The old town of Soko, the national monument of BiH, is located on a rocky hill in the village Soko around 7 kilometers north of Gracanica, and it originates from the Middle Ages, or the period of the medieval Bosnian state. It was first mentioned in historical documents in June 1449 as the town that belonged to duke Radivoj, brother of the Bosnian king Stjepan Tomas, one of the most influential feudalists of that time in Bosnia. Most certainly the town was founded at least a decade earlier, perhaps at a time when Radivoj, with the support of the Ottomans, was trying to get the Bosnian crown. There are assumptions that it was founded in the second half of the 14th century, during the reign of King Tvrtko I, as one of the fortresses that protected the northern border of Bosnia.
With the political collapse of the medieval Bosnian state, Soko together with neighboring Srebrenik fell in Hungarian hands, and it was part of the so-called Srebrenik banate until 1520, as a military frontier that protected Hungarian territory from the Ottoman invasion from Bosnia. After the Ottomans suddenly managed to conquer Srebrenik, the crew of Soko retreated, and set the town on fire.

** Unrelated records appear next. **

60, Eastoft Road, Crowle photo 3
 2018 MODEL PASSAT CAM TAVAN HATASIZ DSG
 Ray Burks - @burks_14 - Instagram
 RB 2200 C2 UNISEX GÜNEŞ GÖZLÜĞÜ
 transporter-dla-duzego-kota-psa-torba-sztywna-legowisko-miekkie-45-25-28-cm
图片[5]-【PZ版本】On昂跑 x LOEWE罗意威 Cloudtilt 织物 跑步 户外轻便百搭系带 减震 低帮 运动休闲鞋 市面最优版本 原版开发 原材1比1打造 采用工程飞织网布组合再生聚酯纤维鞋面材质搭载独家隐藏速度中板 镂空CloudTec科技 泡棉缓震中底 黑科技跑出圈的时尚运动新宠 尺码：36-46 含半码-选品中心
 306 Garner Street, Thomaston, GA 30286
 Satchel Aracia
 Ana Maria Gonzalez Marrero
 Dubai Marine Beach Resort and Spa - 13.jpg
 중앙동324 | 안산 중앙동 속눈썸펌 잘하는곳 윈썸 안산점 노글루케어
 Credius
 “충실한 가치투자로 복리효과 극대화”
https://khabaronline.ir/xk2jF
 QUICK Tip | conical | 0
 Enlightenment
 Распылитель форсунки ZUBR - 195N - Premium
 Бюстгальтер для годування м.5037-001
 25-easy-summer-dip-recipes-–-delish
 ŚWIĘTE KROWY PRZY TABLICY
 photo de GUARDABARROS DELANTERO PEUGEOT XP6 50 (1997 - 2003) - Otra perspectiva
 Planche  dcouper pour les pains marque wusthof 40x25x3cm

“But the Ottomans restored it, and placed their own crew in it. Since then until the first half of the 19th century, Soko was a military fortress, and its importance was especially expressed at the time of the Ottoman-Habsburg wars in the late 17th and early 18th century,” said historian Edin Sakovic. At the end of the 19th century, it was mentioned as a “well-preserved ruin”, worth visiting of the tourists, but during World War II it served to village units to resist the attackers – partisan units that operated on the wider area of Gracanica.
Soko is included in the category of most endangered cultural heritage in our country, which requires restoration and conservation measures, according to historian Edin Sakovic.